Peruvian football manager

Guillermo Mariano Esteves Salguero (born 16 August 1986) is a Peruvian football manager.

==Career==
Born in Lima, Esteves joined Cantolao in 2006, as an assistant of the youth setup. In the following year, he was named manager of the youth sides, being in charge of several youth categories before being named at the helm of the first team in 2012.

In 2013, Esteves was in charge of Unión Huaral, finishing second in the 2013 Copa Perú but being sacked in June 2014. In 2015, he returned to Cantolao, again finishing second in the year's Cup.

After spending a part of the 2016 season in charge of Atlético Grau, Esteves took over Sport Loreto for the 2017 campaign. On 3 May 2018, he returned to Cantolao for a third spell, with the club now in the Primera División, in the place of Carlos Silvestri.

On 27 October 2018, Esteves was sacked by Cantolao. He then worked at Paz Soldán in 2019, before being named in charge of Walter Ormeño de Cañete for the 2020 campaign, but was unable to manage the latter.

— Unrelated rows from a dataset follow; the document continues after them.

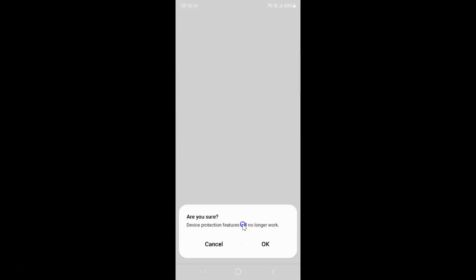Here we have another message: Are you sure? Device protection features will no longer work. So just read this message, and if you agree just tap the OK button.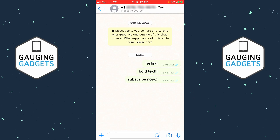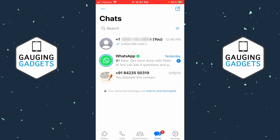How to bold text in WhatsApp? Welcome to another WhatsApp tutorial video. In this video I'm going to show you how to type bold text in WhatsApp. If this video helps you, please consider giving it a like and also subscribe to my channel, because that really helps me out.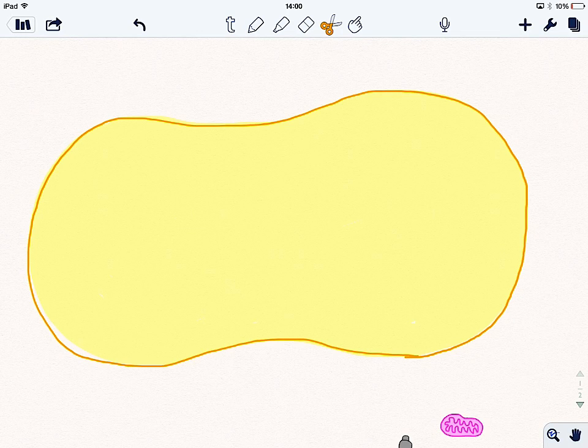In this video I'd like to build a eukaryotic cell. Now here's an empty cell. We've got a cell membrane which is a phospholipid bilayer on the outside and the cytoplasm which is where all the chemical reactions, or most of them, occur in the middle.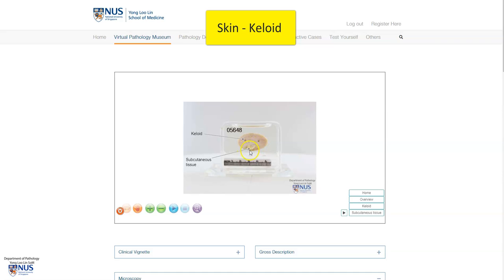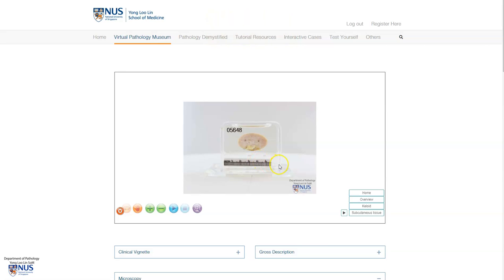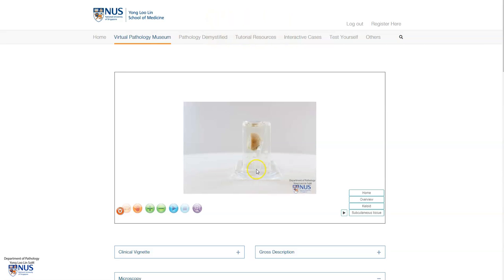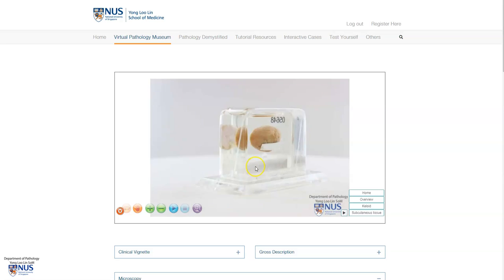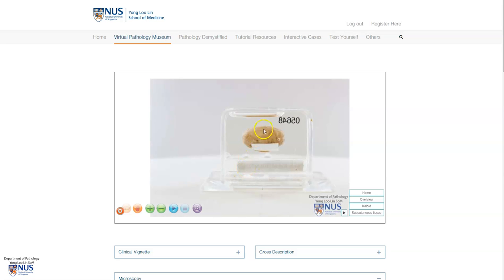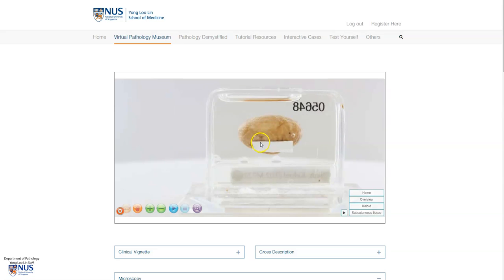At the deep edge, we have this yellowish subcutaneous tissue. Let me rotate this — and this is the side view. Here we can see on the opposite surface that the covering skin is shown.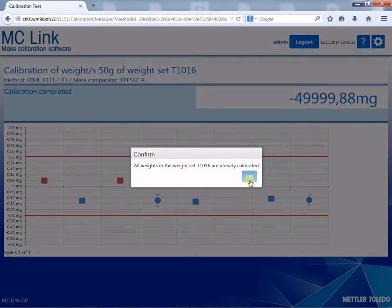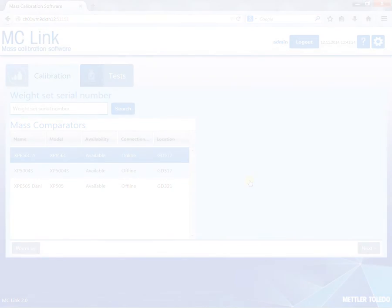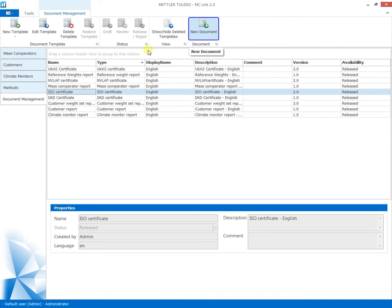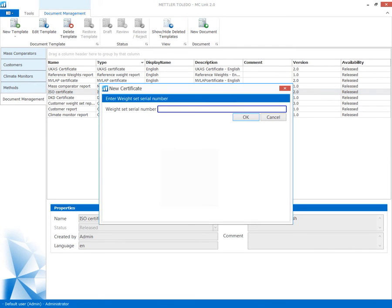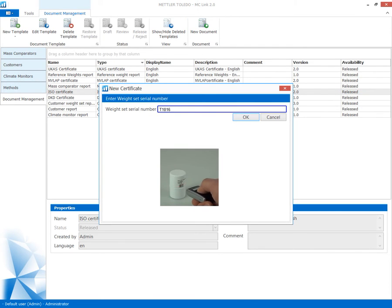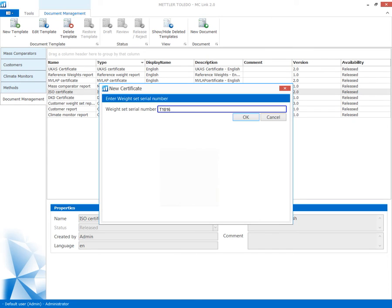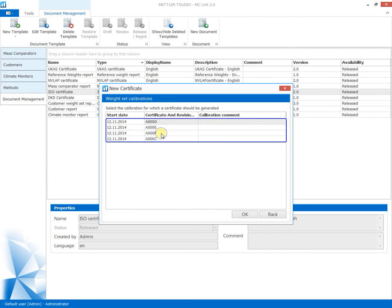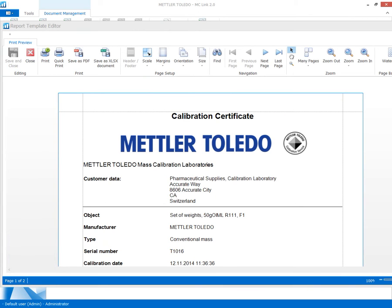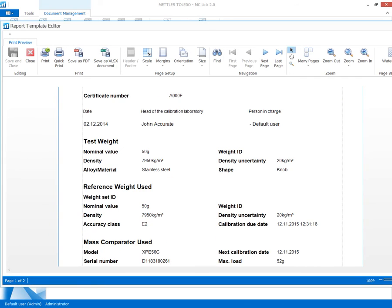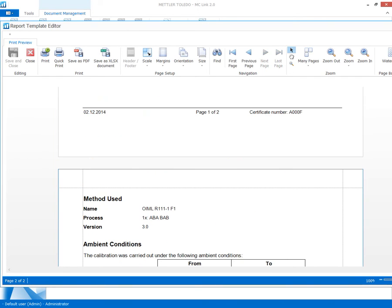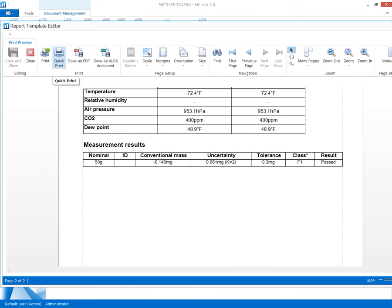The mass calibration process is now complete, and printing the calibration certificate is the last step. One of the predefined and customisable certificate templates is selected, and the weight set ID is read in using the barcode reader. By selecting the desired calibration, the certificate is populated with the customer address, weight set and process details, and the final calibration results. It indicates all details for regulatory compliance.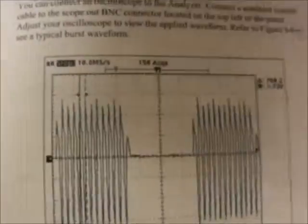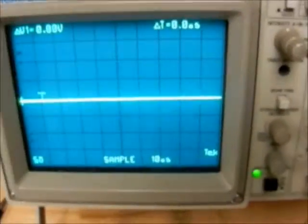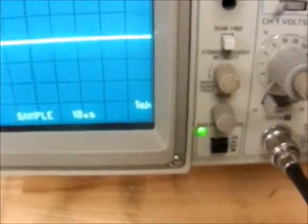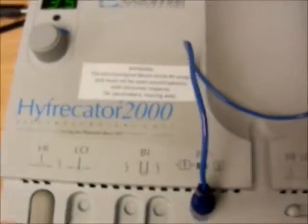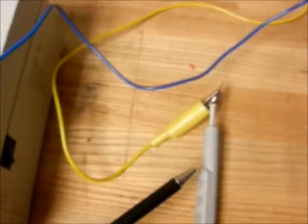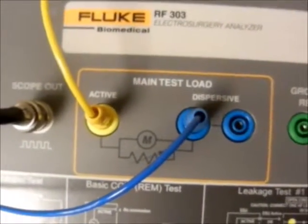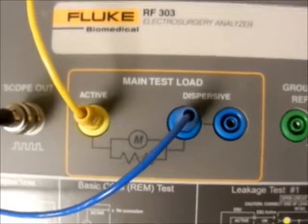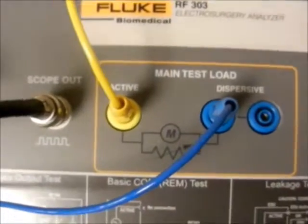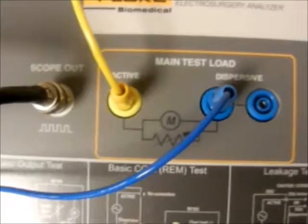Let's look at our actual oscilloscope. Here we have our oscilloscope connected to our input using a BNC cable, as well as our electrosurgical device with its patient plate connected to our analyzer and our active electrode connected to our pin, which is connected to our RF-303 electrosurge analyzer. The yellow cable is connected to the active input while the dispersive or patient plate is connected to the blue, and we have our scope connected via A, B, and C cable.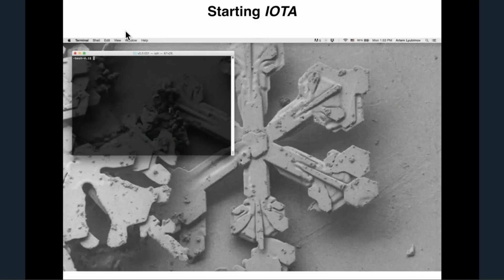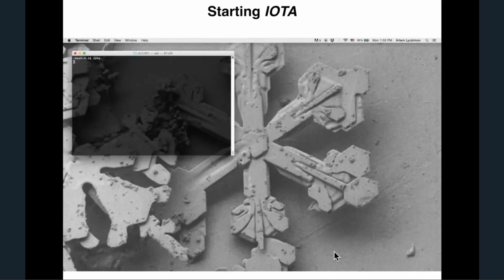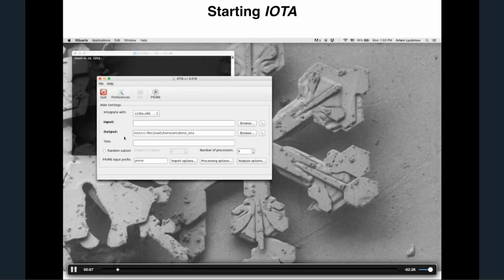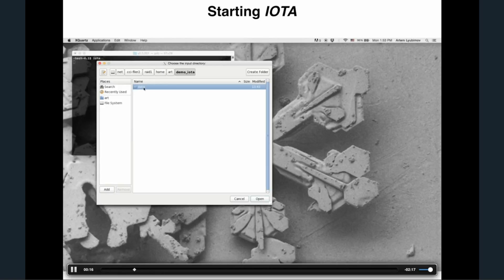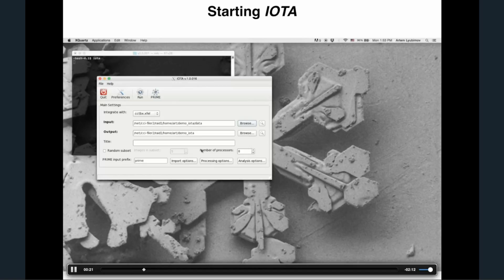Now let's go through a quick demo. I have a recorded video to make sure nothing crashes over our Wi-Fi. You start by just typing IOTA, and the interface pops up. You can select your back-end here — cctbx.xfel or dials. We're going to go with cctbx.xfel. You browse and point IOTA to your data folder, and you can select any output folders.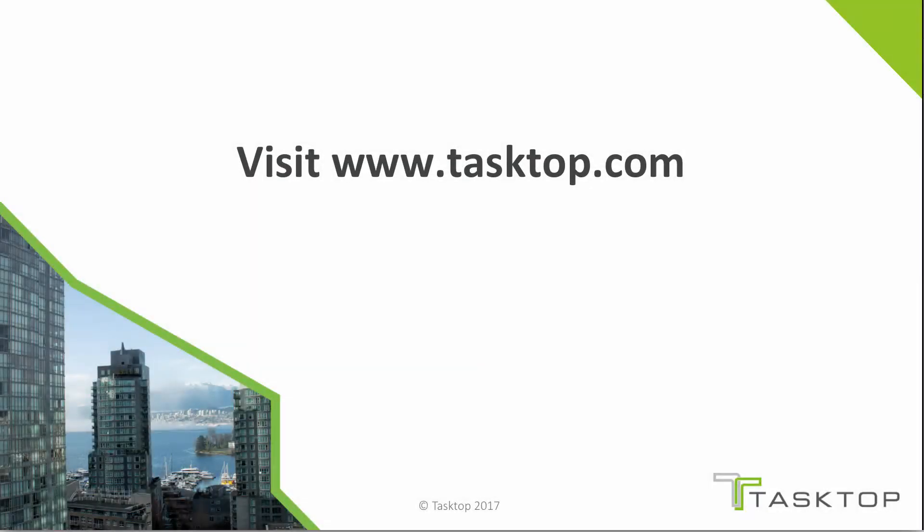That was a short integration demo between MS Project Server and Atlassian Jira. For more information, please visit tasktop.com.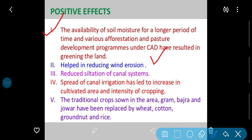This helped in reducing wind erosion — jo wind erosion ho raha tha usko rokne mein madad mili, kyonki jab soil mein moisture aa jayega to wind erosion nahi hoga. Siltation of canal system bhi reduce kiya gaya. Spread of canal irrigation has led to increase in cultivated area and intensity of cropping — pehle jo ek ya do crop hoti thi ab do ya teen crop lene lag gaye. The traditional crops of the area — gram, bajra, and jowar — have been replaced by wheat, cotton, groundnut and rice.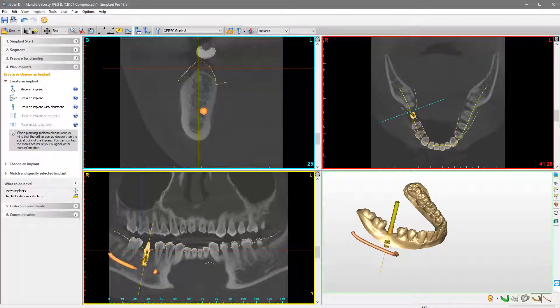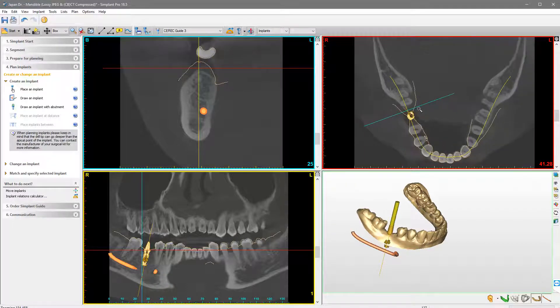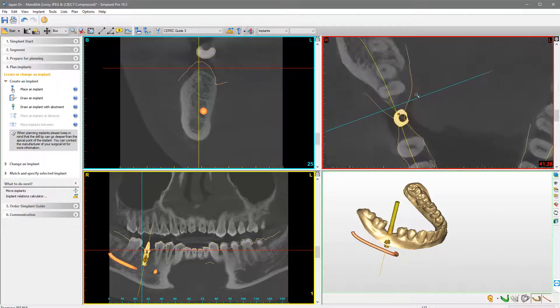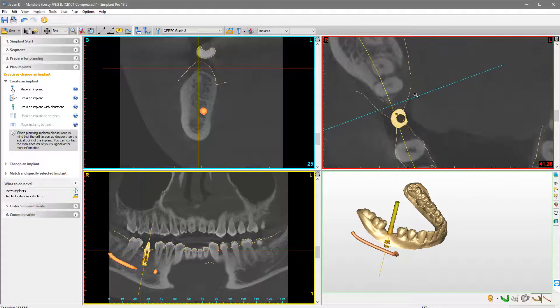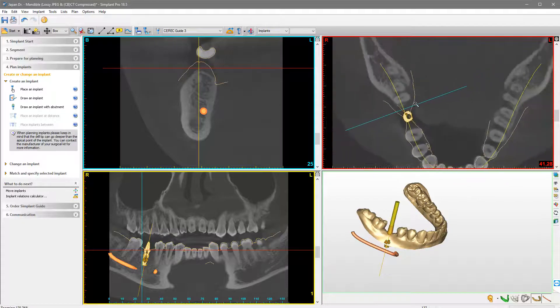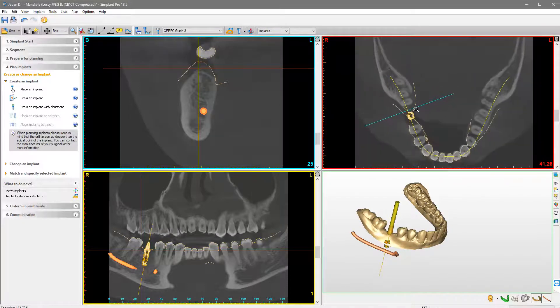Finally, you can better focus on the areas of interest by zooming and centering any of the 2D or 3D views. To zoom in or out, please hold your CTRL key and the right mouse button of your mouse while moving the mouse up and down in one of the views.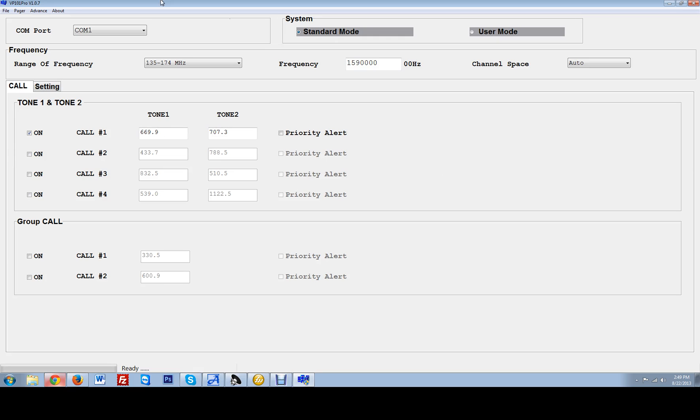Or you could go to the top of your screen where it says pager and hit read. Once you read the pager it will pull up the current programming specs on your pager. That is when you can start making your changes once you already know what is in the pager.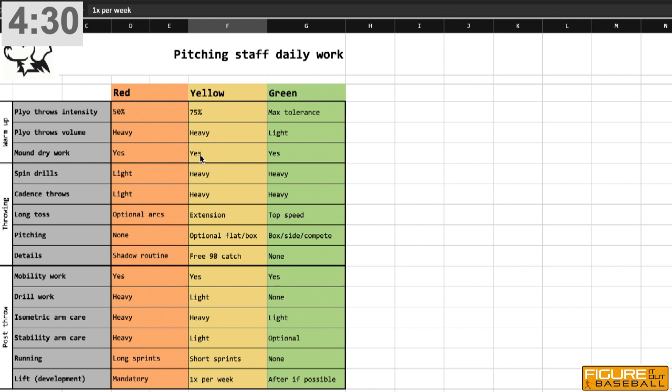Each of our days starts with a set of plyometric drills. I have another video on Figure It Out about that. I'm a believer in it. I'm a recent convert to it. I haven't been doing it my whole career, but I think there's a lot of value there in terms of movement patterning that you can get with your pitchers in terms of utilizing those plyo balls.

In September 2021, Esteves was named manager of Real Sociedad Chugay for the 2021 Copa Perú. He left in the following month as the club was knocked out, and returned to Walter Ormeño in February 2022, managing the side until May.

In June 2022, Esteves rejoined Cantolao for a fourth spell, now as an interim, again replacing Silvestri. He left the managerial role after the appointment of Alejandro Apud.